Con la prosperidad, también llegó el amor. Un amor sano, sin pactos familiares inmemoriales o compromisos interesados. Un amor puro, que le fue brindado por Rosa María Torres, niña, perteneciente a una de las familias españolas más antiguas de la región. Había sido preparada toda su infancia para servir fielmente a un hombre. La prosperidad, buena apariencia y refinados modales de Jayad impresionaron a su familia. Vivieron juntos larguísimos y reposados años. Sus hijos fueron criados en las costumbres cristianas que proclamaba su madre. Jayad se hizo poderoso, respetado y hasta elegido intendente de la ciudad. Fue en la época que el primer ferrocarril viajó las rieles construidas al este, en el barrio de los españoles. Las primeras líneas de experiencia fueron marcando su afable rostro. Algunos brillos blancos pintaban ya su cobriza y enroscada cabellera. Había contribuido en la construcción e instalación del primer centro médico de la ciudad, que regentó por un largo período, hasta que la vejez y el cansancio lograron tumbarle eternamente en su vieja mecedora, donde todos se acostumbrarían a verlo y recordarlo, recostado, casi inmóvil, entregado por completo a sus placeres de lector empedernido.

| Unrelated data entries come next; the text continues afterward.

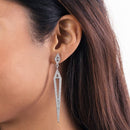 Geometric Spike Style Stud Earring - [neshe.in]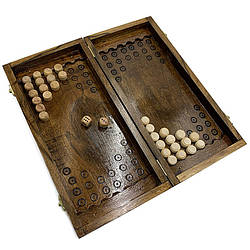 Нарди дерев'яні ручної роботи Backgammon 3 Newt NR-3540, World-of-Toys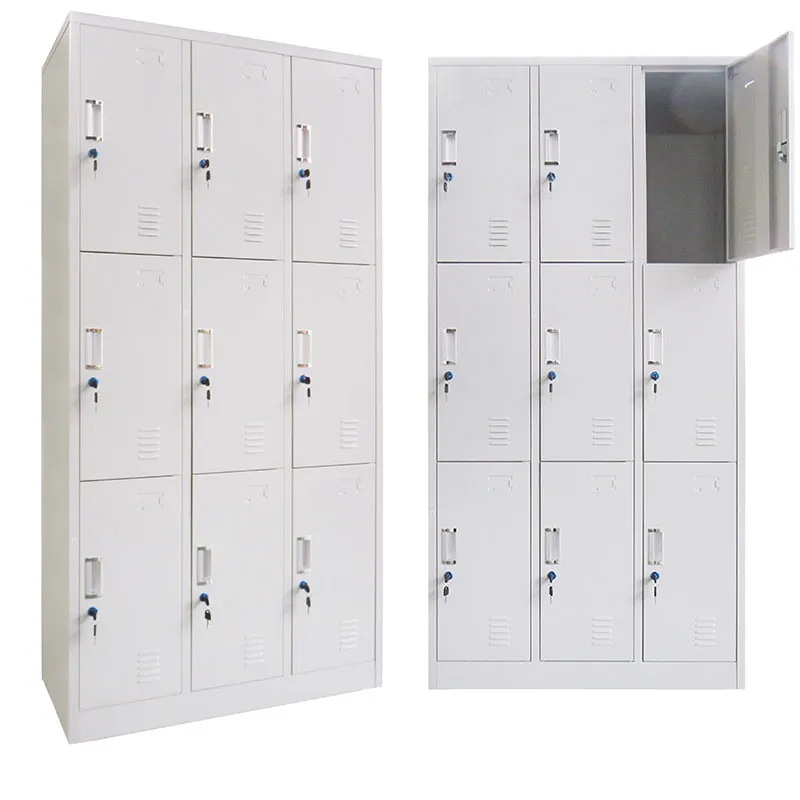 Μεταλλική Ντουλάπα - Φοριαμός (Locker) 90x45x185cm 9 Θέσεων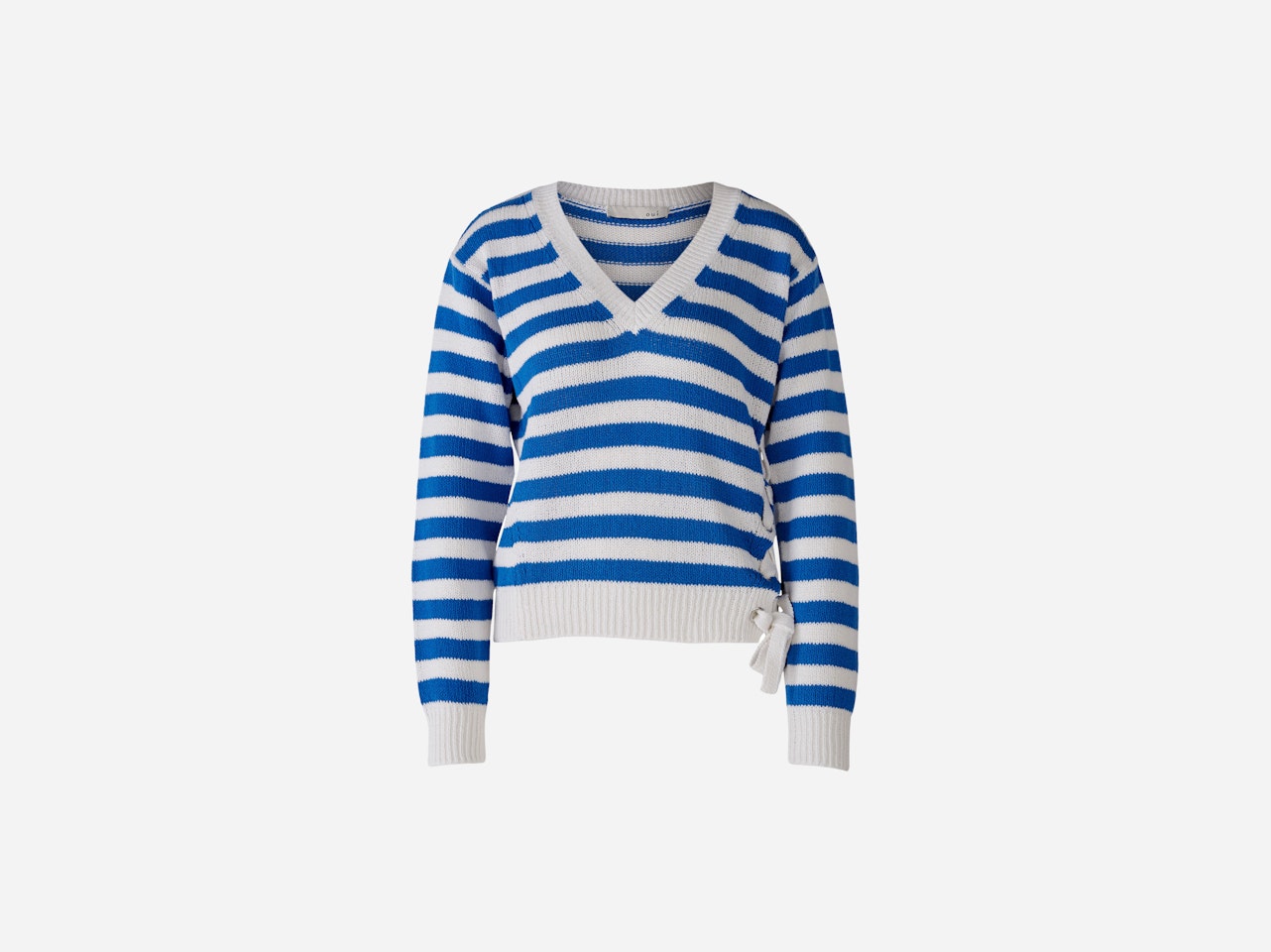 Bild 1 von Knitted jumper 100% cotton in offwhite blue | Oui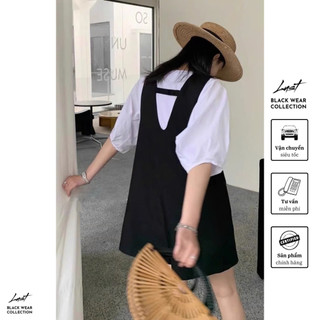 Set yếm quần dáng ngắn phối nơ cách điệu cao cấp LUST chất liệu dày dặn thiết kế đẹp - T106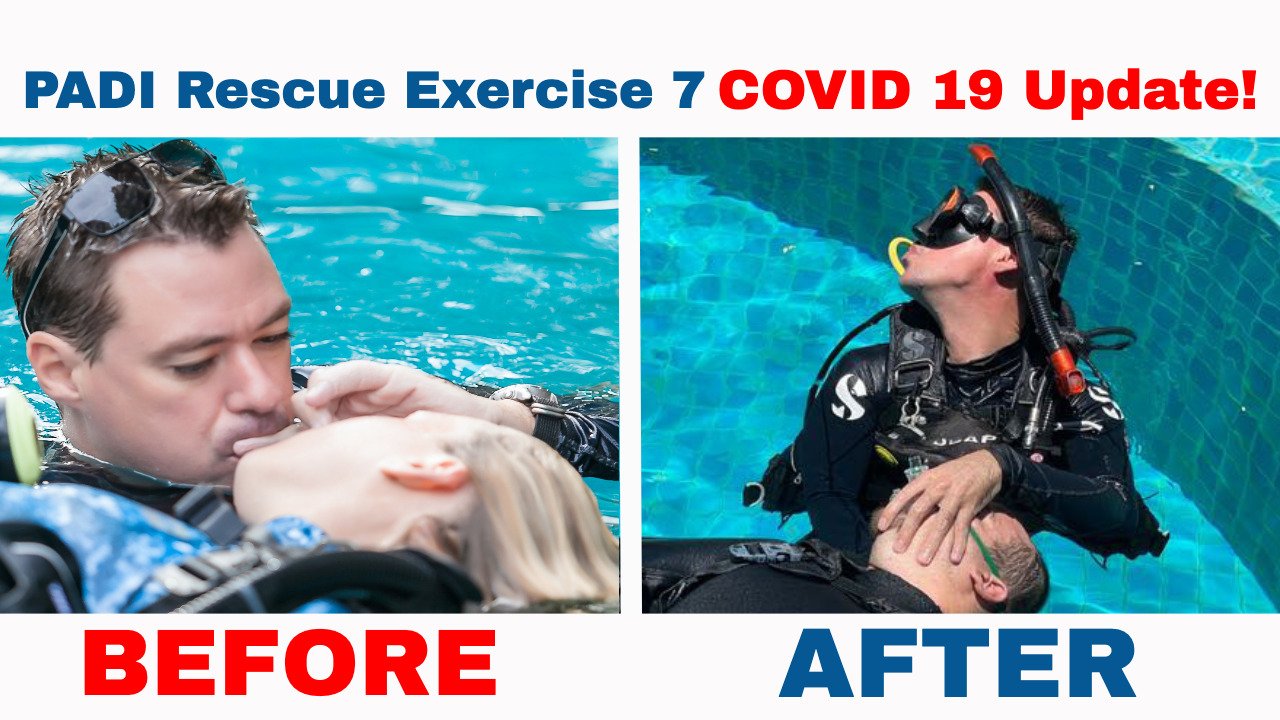 PADI Rescue Exercise 7 COVID-19 Guidelines Update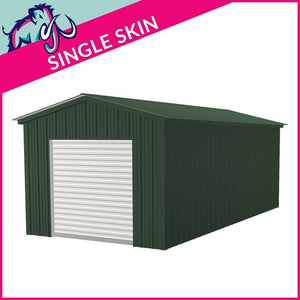 Single Standard Apex Garage – 3 x 6 x 2.5m– 1 Roller/1 PA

Y allí sería donde la muerte lo encontraría, tranquilo, calmado. Con sus hijos alrededor y sus primeros nietos. La ciudad declaró duelo por tres días y el velorio tuvo una cantidad de asistentes nunca vistos en la región. Visitantes de pueblos cercanos acudieron a ver la muerte del próspero forastero que robó el corazón del ande. Del lago.
Jayad conoció los caminos intrincados que recorre el destino para encontrarse a sí mismo, conoció el dolor, la soledad, el amor. Los rumbos que tomó lo depositaron en el lugar correcto. Sabía que, desde cuando la tierra fue concebida, estaba destinado a morir así, allí, en esa mecedora, en medio de la nada. Esa nada que no lo detuvo jamás.
V
Yo nací siete años después de la muerte de Jayad, en el cuarto posterior al que cobijó su mecedora. Mi madre, Rosaflor Jayad, tuvo a bien contarme la historia de su padre desde mis tiernos primeros días de conciencia. ¡Oh conciencia! ¿Por qué me martirizas ahora con esta soledad? El mar la ha calmado un poco, puede o no ser mi destino tan próspero como el de Jayad, o tan aciago como los que leí a García o Borges. El poder, la fuerza y la terquedad andina adquirida por Jayad me alimentan, me llenan de valor para recorrer mi historia sin hacer preguntas de más. Puede o no que encuentre esa felicidad. Pero este mar me conforta y el aire que comparto con Jayad me llena de pasión por la vida, por la distancia, por el olvido, el recuerdo, la angustia. ¿Seré yo igual a él? Mi origen está aquí, y allá. Por fin lo encontré, en lugares tan disímiles como distantes. La vida nos da vueltas incompresibles, pero siempre para dejarnos en nuestro justo lugar.